* Working data
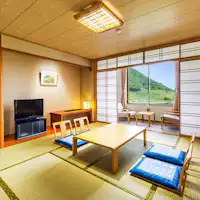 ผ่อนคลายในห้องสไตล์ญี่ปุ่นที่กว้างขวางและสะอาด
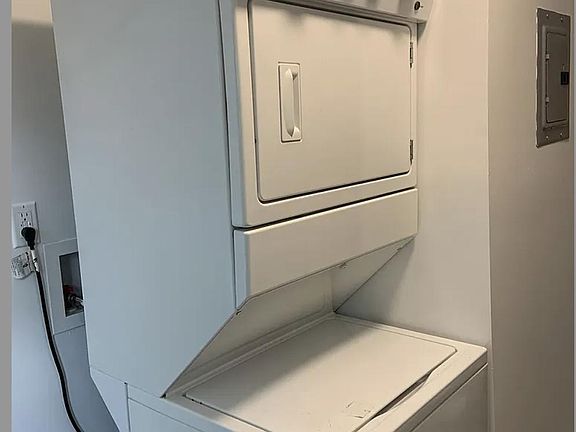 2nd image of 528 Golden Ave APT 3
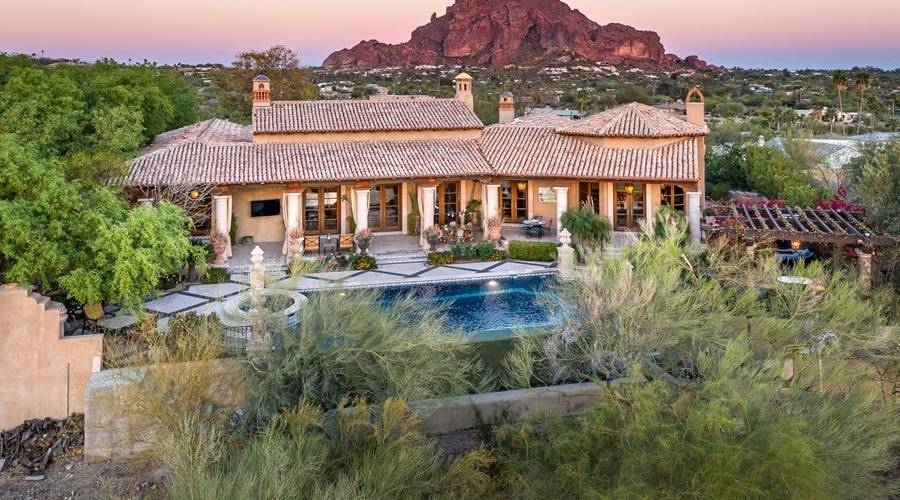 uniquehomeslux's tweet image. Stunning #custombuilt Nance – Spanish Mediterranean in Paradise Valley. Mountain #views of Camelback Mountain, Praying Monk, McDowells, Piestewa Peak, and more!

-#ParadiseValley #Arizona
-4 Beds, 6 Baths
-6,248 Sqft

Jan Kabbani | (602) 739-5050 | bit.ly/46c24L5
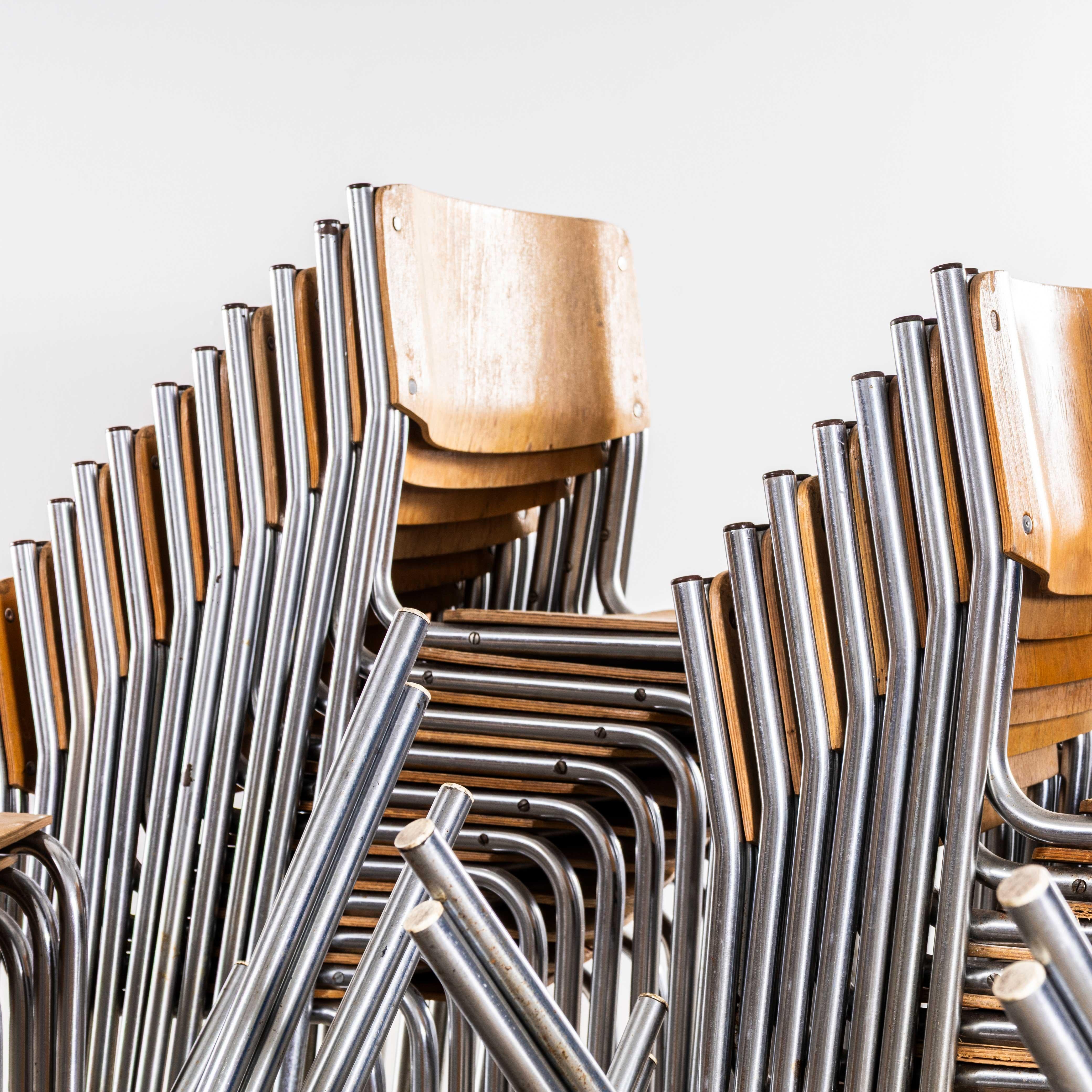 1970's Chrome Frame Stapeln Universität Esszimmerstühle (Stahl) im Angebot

--

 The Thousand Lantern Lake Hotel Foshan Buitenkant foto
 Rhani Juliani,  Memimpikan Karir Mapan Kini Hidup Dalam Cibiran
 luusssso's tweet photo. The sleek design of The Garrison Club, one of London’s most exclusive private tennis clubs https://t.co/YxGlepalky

* Task prompt
Return exactly the lines above from the line that has "Hidup Dalam Cibiran" through the line that has "luusssso's tweet photo.", inclusive, and nothing else.

* Output below
 Rhani Juliani,  Memimpikan Karir Mapan Kini Hidup Dalam Cibiran
 luusssso's tweet photo. The sleek design of The Garrison Club, one of London’s most exclusive private tennis clubs https://t.co/YxGlepalky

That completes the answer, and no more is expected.